Aligning Forces for Quality Evaluation
Lessons learned from a decade long healthcare improvement program enrich the field of health services research
The Aligning Forces for Quality (AF4Q) initiative, launched in 2006, was the Robert Wood Johnson Foundation’s (RWJF) signature effort to improve the health and healthcare of 37 million people across the United States and to provide models for widespread national reform. In this nearly decade-long investment, RWJF provided unprecedented funding and expert technical assistance to 16 multi-stakeholder healthcare coalitions (“alliances”) composed of those who get care, give care, and pay for care, to work together to lift the overall healthcare of their communities. The alliances were specifically charged with aligning five key “forces” to improve healthcare and patient experiences, and reduce costs:
- Performance measurement and public reporting
- Quality improvement
- Engaging consumers in their health and healthcare
- Reducing healthcare disparities
- Reforming payment
In addition to providing funding to the AF4Q alliances, technical assistance vendors, and communications firms, RWJF contracted an independent evaluation led by Dennis Scanlon, director of the Penn State Center for Health Care and Policy Research, and researchers in multiple disciplines at Northwestern University, the University of Minnesota, the University of Michigan, and the George Washington University. This 10-year mixed methods evaluation examined the AF4Q program design and implementation as the national healthcare environment was undergoing tectonic change, including the passage of the Affordable Care Act (ACA) in 2010.
photo credit: Aligning Forces for Quality
Our evaluation design and work included continuously tracking the activities in the 16 AF4Q communities; collecting, synthesizing, and analyzing large volumes of program data; interviewing over 1100 stakeholders from varying perspectives; and administering national surveys to assess both the impact of the program interventions and to identify lessons learned about the multi-stakeholder approach to improving healthcare at the community level.
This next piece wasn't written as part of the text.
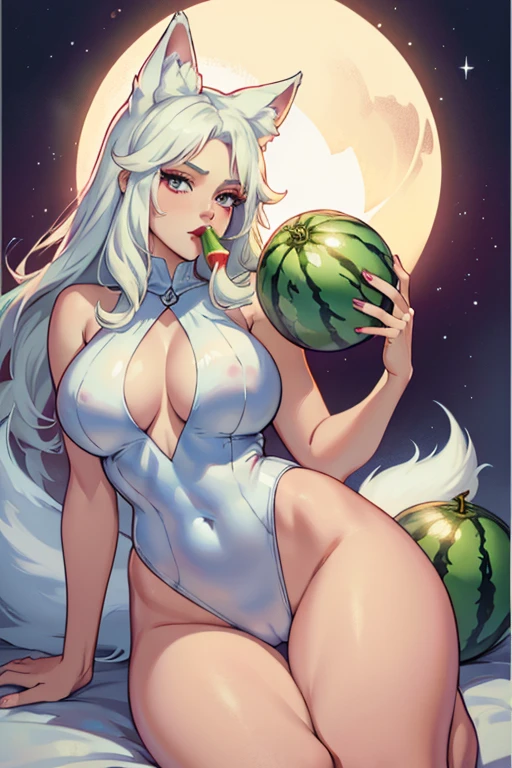 A white haired woman with copper eyes with an hourglass figure with white fox ears and a white fox tail wearing a one piece swimsuit is eating a watermelon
Evaluating a program with the breadth and depth of AF4Q enabled our team to develop a variety of insights that will inform policymakers, program funders, and other stakeholders working to implement healthcare improvement interventions in communities. For example, we identified many barriers that healthcare collaboratives face and described some cultural shifts that have the potential to transform health systems. Furthermore, the lessons we extracted from the alliances’ experiences have helped to inform RWJF’s new strategy to create a national Culture of Health.
"Our findings from AF4Q provide insight into the important work happening locally to create better healthcare systems and the many challenges regions face when trying to make things better and more affordable."
--Dennis Scanlon, Principal Investigator, Aligning Forces For Quality Evaluation
Finally, through the evaluation experience, we have expanded the health services research knowledge base with over 80 journal articles and research summaries including the August 2016 supplement of the American Journal of Managed Care (AJMC), The Aligning Forces for Quality Initiative: Summative Findings and Lessons Learned from Efforts to Improve Healthcare Quality at the Community Level. This issue provides in-depth information on AF4Q’s research design; background and evolution; interventions in the main programmatic areas; AF4Q’s longitudinal impact on measures of population health, quality and experience of care, and cost of care; and the sustainability of the AF4Q alliances. You may also read articles published as part of the 2012 AJMC supplement: The Aligning Forces for Quality Initiative: Early Lessons From Efforts to Improve Healthcare Quality at the Community Level, as well as a summary of our AF4Q early and midpoint findings in the November 2014 report, Early and Mid-Course Findings from the Evaluation of a National Health Improvement Program.
Key findings at the conclusion of AF4Q:
- Implementing and aligning activities across all five “forces” proved difficult for any one AF4Q community.
- While collaboration among stakeholders to improve systems is conceptually appealing, there are many challenges to sustaining regional relationships, though AF4Q highlighted some promising models.
- Over time, the AF4Q regions showed no major differences in improvement rates in quality and health measures examined, compared with control communities. However, all communities tended to trend towards improvement.
- Engaging consumers in reforming the system proved more difficult than expected, but the conversation has been elevated. The importance of transforming the system “by patients and for patients” is gaining traction.
- Sustaining quality and price transparency at the community level is challenging. Important questions moving forward include: Who will fund and produce this information, and who receives the most value from it?
- Disparities reduction activities proved challenging but happened with more intensity in communities that had long-established relationships with community groups representing diverse and underserved populations.